Since then, the district's voter registration has gone nominally Democratic -- with about 200 more Democrats than Republicans -- but so what? This is Sussex County.

It is Republican country. The voters have not sided with a Democrat for president in the last 30 years, except for the anomalous time that enough of them went for Ross Perot in 1996 to ambush Bob Dole and let Bill Clinton leave the county with a 1,000-vote edge.

The Republicans are pounding away at the issue of taxes, always one of their favorites. To the Republicans, taxation even with representation is tyranny.

Tax increases take a three-fifths vote to pass, and if the Democrats win this race, they would have the necessary supermajorities in both chambers, along with the governor. The Republicans' state Web site features scary, Halloween-type script shrieking, "Stop the Democratic Supermajority!"

In a sign the Democrats are concerned about the attack, Robinson dealt with it Monday as he declared his candidacy with announcements in Georgetown and Lewes.

"I know that families and small businesses cannot afford more taxes, which is why I will not vote for any tax increases proposed next year. I am not running to be part of a bloc vote. I am running as an independent-minded candidate," he said.

Although the Republicans were drubbed at the polls in 2008, they got on a roll afterwards in special elections. Since winning two races they should have lost -- swiping away Democratic seats in a Brandywine Hundred representative district and the Sussex County senatorial district -- the Republicans have the advantage this time of trying to keep a seat in friendly territory.

The Democrats countered by tapping Robinson as their candidate. His full name is Robert Houston Robinson Jr., signifying roots in Sussex County on both sides of the family and in both parties.

A great-grandfather, Robert G. Houston, was a Republican congressman who served during the 1920s and 1930s. A grandfather, Julian Thomas "Tom" Robinson, was a Democratic speaker of the state House in the 1930s.

Rob Robinson's father used to run the "Sussex Countian" newspaper. His mother, who comes from North Carolina, was a Family Court judge, candidate for lieutenant governor and assistant counsel to Gov. Pete du Pont.

Rob Robinson is part of Sussex folklore himself. At his birth in 1972, he became the first baby ever born to a Sussex County lawyer. Battle Robinson was the first woman to practice law there.

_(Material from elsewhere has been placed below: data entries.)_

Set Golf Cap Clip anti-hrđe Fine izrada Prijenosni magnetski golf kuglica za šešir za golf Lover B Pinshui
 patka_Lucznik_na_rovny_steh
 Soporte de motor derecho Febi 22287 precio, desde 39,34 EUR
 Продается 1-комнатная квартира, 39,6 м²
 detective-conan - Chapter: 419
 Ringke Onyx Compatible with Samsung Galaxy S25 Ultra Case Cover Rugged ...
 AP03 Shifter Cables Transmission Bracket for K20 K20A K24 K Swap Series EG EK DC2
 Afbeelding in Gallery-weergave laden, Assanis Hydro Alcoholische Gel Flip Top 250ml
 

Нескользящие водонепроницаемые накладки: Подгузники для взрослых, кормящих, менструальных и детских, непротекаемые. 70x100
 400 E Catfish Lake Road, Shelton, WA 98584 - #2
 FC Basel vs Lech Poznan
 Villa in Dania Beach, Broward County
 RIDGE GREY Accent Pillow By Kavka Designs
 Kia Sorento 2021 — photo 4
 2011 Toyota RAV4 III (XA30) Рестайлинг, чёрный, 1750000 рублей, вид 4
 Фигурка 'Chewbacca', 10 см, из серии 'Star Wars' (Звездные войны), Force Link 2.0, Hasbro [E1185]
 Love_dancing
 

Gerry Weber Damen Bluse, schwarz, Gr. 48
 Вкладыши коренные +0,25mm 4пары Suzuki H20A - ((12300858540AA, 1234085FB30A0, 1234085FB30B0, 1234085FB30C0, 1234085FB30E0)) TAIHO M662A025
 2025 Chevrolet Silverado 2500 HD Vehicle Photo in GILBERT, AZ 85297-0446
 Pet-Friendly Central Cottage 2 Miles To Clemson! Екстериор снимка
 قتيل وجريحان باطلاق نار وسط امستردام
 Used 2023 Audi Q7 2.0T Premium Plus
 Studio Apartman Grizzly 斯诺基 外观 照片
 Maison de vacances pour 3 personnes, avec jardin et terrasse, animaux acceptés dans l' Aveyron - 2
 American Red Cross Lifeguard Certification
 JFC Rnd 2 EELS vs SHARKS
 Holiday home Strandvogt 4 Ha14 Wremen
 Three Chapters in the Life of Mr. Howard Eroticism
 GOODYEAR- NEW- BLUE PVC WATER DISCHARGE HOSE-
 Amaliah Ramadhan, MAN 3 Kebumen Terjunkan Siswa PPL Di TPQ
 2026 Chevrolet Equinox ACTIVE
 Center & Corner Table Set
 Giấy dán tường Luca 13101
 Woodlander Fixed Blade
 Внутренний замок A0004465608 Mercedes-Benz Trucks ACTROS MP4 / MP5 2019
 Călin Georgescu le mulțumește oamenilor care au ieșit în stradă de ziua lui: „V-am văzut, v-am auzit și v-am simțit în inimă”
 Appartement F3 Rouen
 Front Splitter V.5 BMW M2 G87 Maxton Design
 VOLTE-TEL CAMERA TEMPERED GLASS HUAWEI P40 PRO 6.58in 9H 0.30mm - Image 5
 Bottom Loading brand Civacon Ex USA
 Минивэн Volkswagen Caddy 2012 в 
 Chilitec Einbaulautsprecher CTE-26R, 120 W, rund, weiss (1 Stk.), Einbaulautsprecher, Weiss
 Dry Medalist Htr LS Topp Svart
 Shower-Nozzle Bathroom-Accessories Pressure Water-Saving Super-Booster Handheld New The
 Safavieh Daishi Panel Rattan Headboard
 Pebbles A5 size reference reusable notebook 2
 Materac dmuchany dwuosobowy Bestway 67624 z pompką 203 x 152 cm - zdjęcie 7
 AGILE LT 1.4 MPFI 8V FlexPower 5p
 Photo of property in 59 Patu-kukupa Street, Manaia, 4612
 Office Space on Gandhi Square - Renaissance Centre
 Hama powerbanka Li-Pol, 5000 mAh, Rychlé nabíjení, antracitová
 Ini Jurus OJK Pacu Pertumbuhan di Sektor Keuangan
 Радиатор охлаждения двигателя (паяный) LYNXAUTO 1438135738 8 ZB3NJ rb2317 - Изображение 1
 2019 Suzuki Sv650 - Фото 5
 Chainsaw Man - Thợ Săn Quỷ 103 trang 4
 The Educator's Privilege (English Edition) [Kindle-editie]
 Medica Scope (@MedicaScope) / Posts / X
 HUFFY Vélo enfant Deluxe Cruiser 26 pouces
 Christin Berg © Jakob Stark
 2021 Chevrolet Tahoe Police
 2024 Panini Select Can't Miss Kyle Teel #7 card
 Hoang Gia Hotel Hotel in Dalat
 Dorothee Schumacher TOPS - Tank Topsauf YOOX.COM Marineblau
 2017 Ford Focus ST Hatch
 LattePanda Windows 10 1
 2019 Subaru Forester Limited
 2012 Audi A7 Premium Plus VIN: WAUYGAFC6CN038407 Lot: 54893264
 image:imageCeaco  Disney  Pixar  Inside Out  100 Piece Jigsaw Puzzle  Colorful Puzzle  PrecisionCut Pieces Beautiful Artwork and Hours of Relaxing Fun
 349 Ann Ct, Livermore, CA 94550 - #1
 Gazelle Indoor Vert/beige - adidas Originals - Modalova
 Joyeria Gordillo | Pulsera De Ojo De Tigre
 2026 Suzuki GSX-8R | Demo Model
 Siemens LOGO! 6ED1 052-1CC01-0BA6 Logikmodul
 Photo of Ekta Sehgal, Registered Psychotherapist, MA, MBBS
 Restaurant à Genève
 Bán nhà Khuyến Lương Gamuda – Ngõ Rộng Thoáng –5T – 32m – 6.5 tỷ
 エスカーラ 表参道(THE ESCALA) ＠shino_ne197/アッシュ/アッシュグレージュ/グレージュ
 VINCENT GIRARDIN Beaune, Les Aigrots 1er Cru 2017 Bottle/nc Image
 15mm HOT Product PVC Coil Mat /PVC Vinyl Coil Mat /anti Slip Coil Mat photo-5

Rob Robinson was a Republican until 2004. He said he did not put a lot of stock in the way he was registered and called himself a confirmed ticket-splitter, a reflection of the family heritage, but he found himself increasingly "more at home" with the Democrats, so he switched.

"You have to have people who believe in government in order to run it," he said.

Both candidates have backgrounds of civic involvement. Robinson, a public defender, chairs the Georgetown Planning Commission. King, the executive vice president of the Sussex County Association of Realtors, ran in the 2000 Republican primary in the 41st Representative District before the last redistricting and worked on Booth's senatorial campaign.

King is running on the Republicans' anti-tax message -- "This race is to ensure we have a voice and a vote in Dover" -- and Robinson understands the odds of overcoming it.

"It's obviously an uphill race for us. The mood for the country and particularly the county is hard for the Democrats," Robinson said.

Robinson's situation has echoes of another race, the year he was born, when an unknown 29-year-old Democrat named Joe Biden made his first campaign stop in Sussex County.

As Biden told the story, he was warned by Curt Steen, an influential Democratic state senator, that he was being hurt in Sussex County by a powerful rumor he was a Catholic.

When Biden said it was true, Steen blurted out a one-word epithet. Biden tried to soothe him.

"But, Senator, my wife's a Presbyterian," Biden said.

"We'll just have to go with that," Steen said.

Robinson's mother is a Republican. Maybe he can just go with that.